Report all lines below with the word "Capitol".

## RECORDS FOR THIS TASK

- Opening Delimiter -

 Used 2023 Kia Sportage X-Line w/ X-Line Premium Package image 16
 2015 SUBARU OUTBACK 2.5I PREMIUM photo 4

- Closing Delimiter -
- Opening Delimiter -

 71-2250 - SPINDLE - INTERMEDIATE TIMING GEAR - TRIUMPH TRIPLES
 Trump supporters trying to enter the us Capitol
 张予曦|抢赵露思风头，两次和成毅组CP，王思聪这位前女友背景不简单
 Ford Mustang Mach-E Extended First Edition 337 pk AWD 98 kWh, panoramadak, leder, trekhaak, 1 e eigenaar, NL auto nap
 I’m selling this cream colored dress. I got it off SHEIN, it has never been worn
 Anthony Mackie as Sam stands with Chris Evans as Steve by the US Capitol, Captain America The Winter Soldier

- Closing Delimiter -

## YOUR SOLUTION
 Trump supporters trying to enter the us Capitol
 Anthony Mackie as Sam stands with Chris Evans as Steve by the US Capitol, Captain America The Winter Soldier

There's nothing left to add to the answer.